Reading through her chronicles of days spent discovering religion and spiritual heaven while avoiding hell — nosy neighbours, opportunistic rickshaw-wallas, and the odd would-be rapist, she portrays an all too familiar India — the world’s spiritual shopping mall serving food-poisoning on Tuesdays, vehicular accidents every Friday, and frightening latrines as a daily course. Though not all of her pages carried drama, they certainly spoke of the trials and tribulations the average person might have to endure if only to make sense of the country.

It was perhaps the smallest chapter that spoke to me the most. There was a tiny passage parading marked joy and punishing solitude of the type rarely considered as thrill — monastic rituals, austere and rigorous routines, distress and hardship — it seemed a bit too much for the girl. And yet, it seemed like just about the only thing she really enjoyed doing in the country.
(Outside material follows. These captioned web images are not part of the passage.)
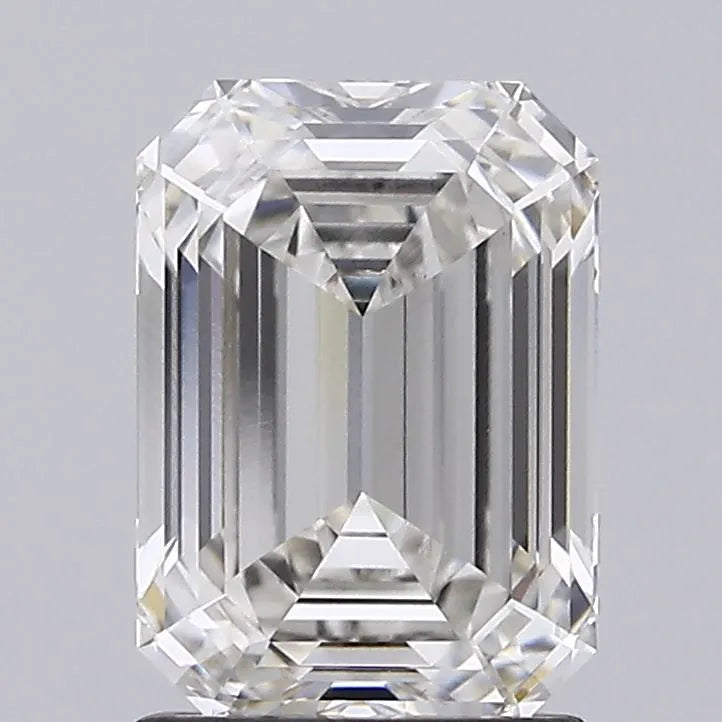 1.85 Carats EMERALD Diamond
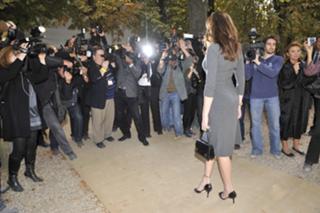 Stephanie Seymour feet photo thumbnail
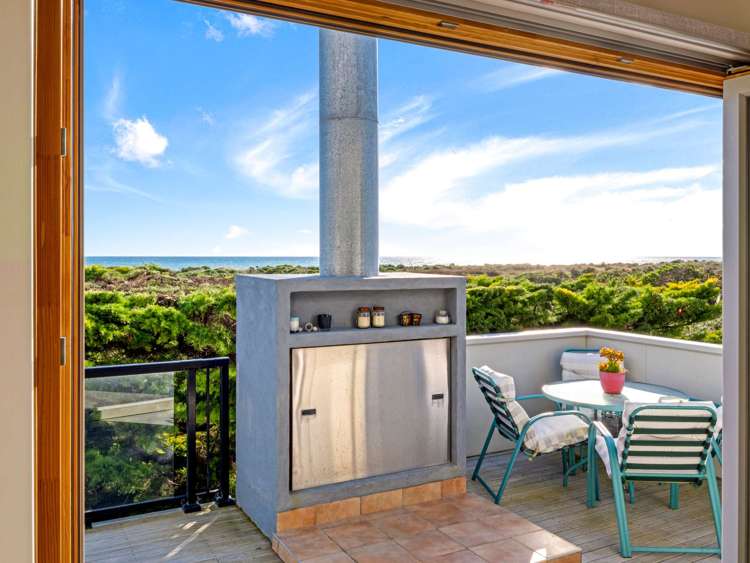 5 Somerset Grove Waitarere Beach_23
That was my introduction to Vipassana. That first memory is still fresh: the desire to confront this awkward specimen of a situation for myself, only because, at the time, it seemed so bizarre. To my ignorant mind, what could I have guessed would be the result of ten long days (and nights), sitting around without the utterance of a single syllable? If nothing else, it would just be yet another substance: to taste, try, and spit out, and rave about having conquered yet another mountain of sensory input, to spin it into a tall tale of some more meaningless adventure.
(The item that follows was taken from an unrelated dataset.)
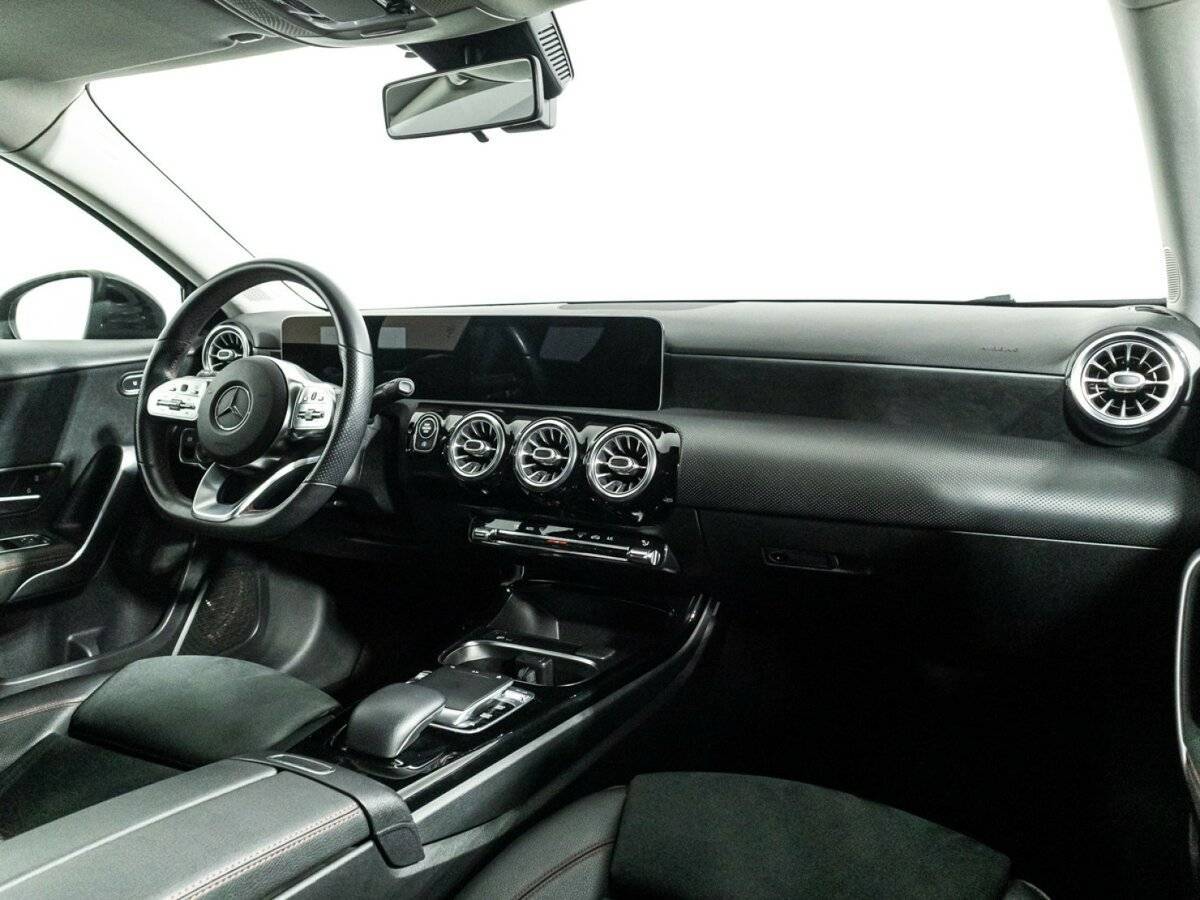 Б/У Мерседес-Бенц А-Класс 2018 года. Фото: #8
Thankfully, the taste was sweeter than I could have guessed. To that kid — me — this became pretty important. This felt like a gigantic discovery, and I often found myself proselytizing like a broken record for days after the first course. I eventually stopped for various reasons. However, my fascination with the practice only grew with time. In those ten short days, I had experienced a deep, resounding change from within. As difficult as the journey had been, I only knew I had to keep going.
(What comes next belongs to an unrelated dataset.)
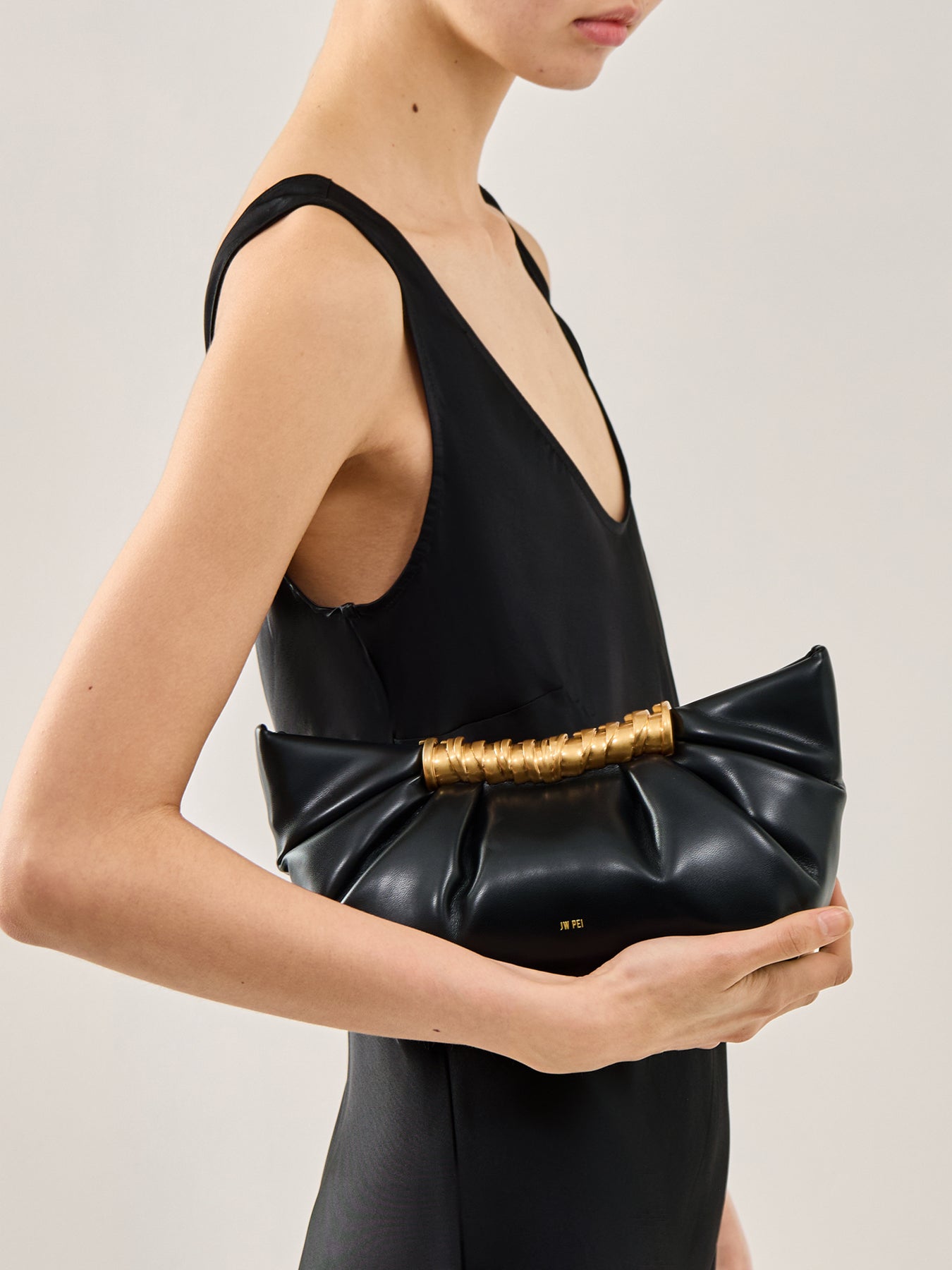 Leia Pleated Clutch Black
That was all eight years ago. 2010 was peculiar, but a dozen Vipassana courses later, life only got weirder. It is the stark contrast that juxtaposes life within a Vipassana course, and the feeling one gets when they witness the world outside. It is hard to illustrate and is not really the point of this post, but I mention it only because I’d like to warn you that many of the lessons I’ve learnt are all experiential truths. Simply engaging the intellect is not enough. You can’t describe the taste of salt to someone who has never tasted it before, and you can’t learn to swim simply by reading about it.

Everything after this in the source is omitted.